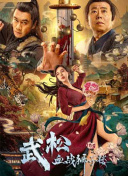 我没演《蜘蛛侠3》 2021-09-09 “据我所知，我没有参与《蜘蛛侠3》，但显然人们根本不关心我怎么说。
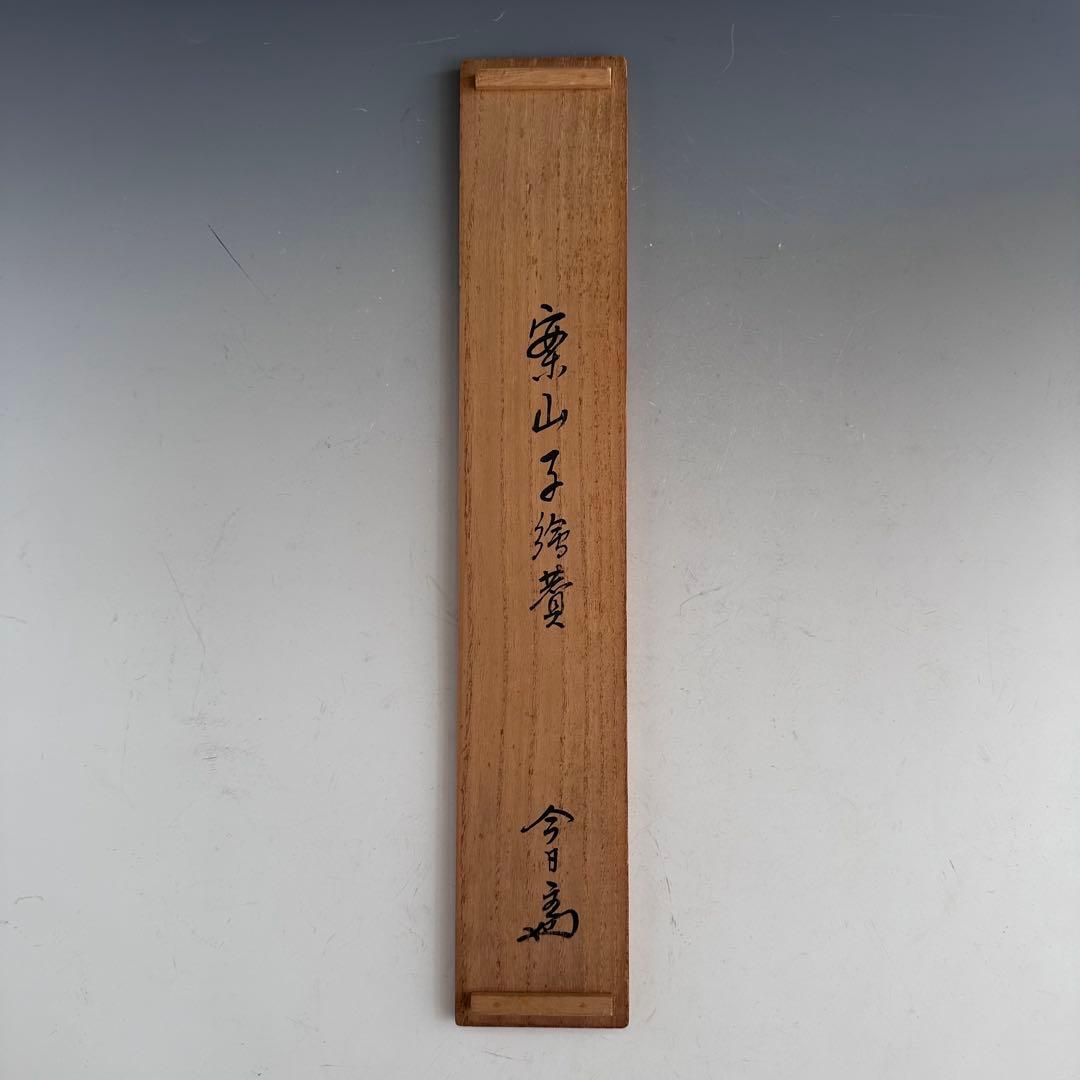 茶道具 淡々斎宗匠筆 案山子図 画讃 掛軸 春芳堂 豊穣 秋 実り 裏千家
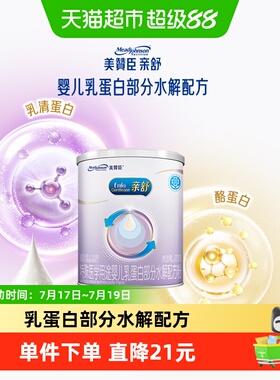 美赞臣亲舒特殊配方奶粉部分水解婴儿配方粉1段370g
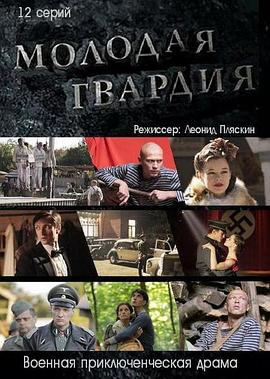 Молодая гвардия (青年近卫军)
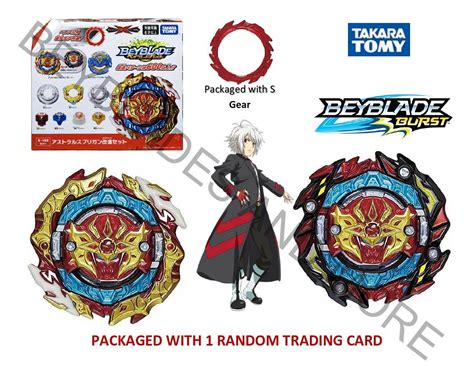 Takara Tomy Japan Beyblade Burst Dynamite Battle B Astral Spriggan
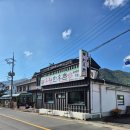 우정한우촌 별관 네이버블로그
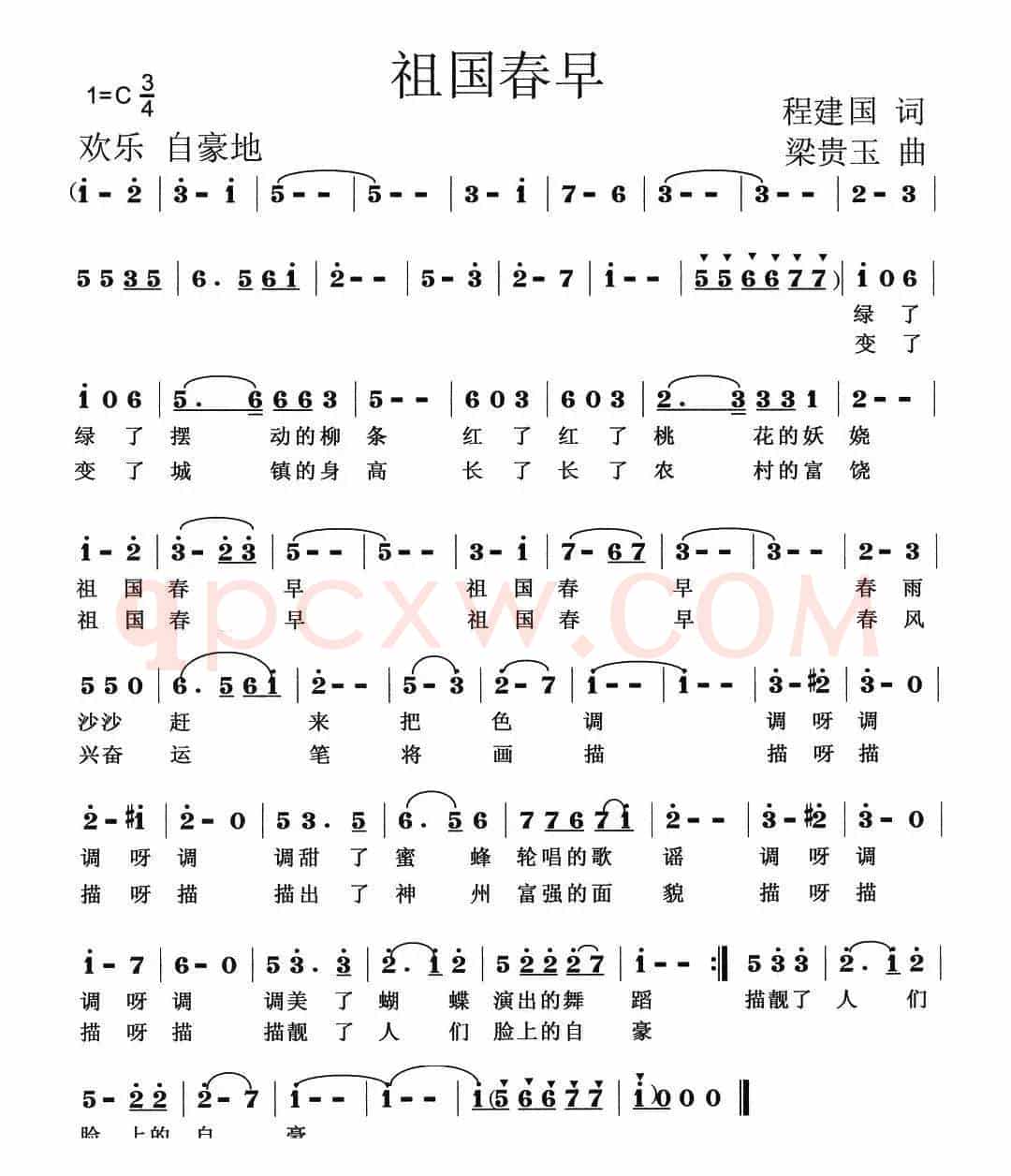 祖国春早（程建国词 梁贵玉曲）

▸ EXERCISE BRIEF:
A verbatim reproduction of each entry is expected, with every picture omitted.

▸ TASK RESULT:
 我没演《蜘蛛侠3》 2021-09-09 “据我所知，我没有参与《蜘蛛侠3》，但显然人们根本不关心我怎么说。
 茶道具 淡々斎宗匠筆 案山子図 画讃 掛軸 春芳堂 豊穣 秋 実り 裏千家
 美赞臣亲舒特殊配方奶粉部分水解婴儿配方粉1段370g
 Молодая гвардия (青年近卫军)
 Takara Tomy Japan Beyblade Burst Dynamite Battle B Astral Spriggan
 우정한우촌 별관 네이버블로그
 祖国春早（程建国词 梁贵玉曲）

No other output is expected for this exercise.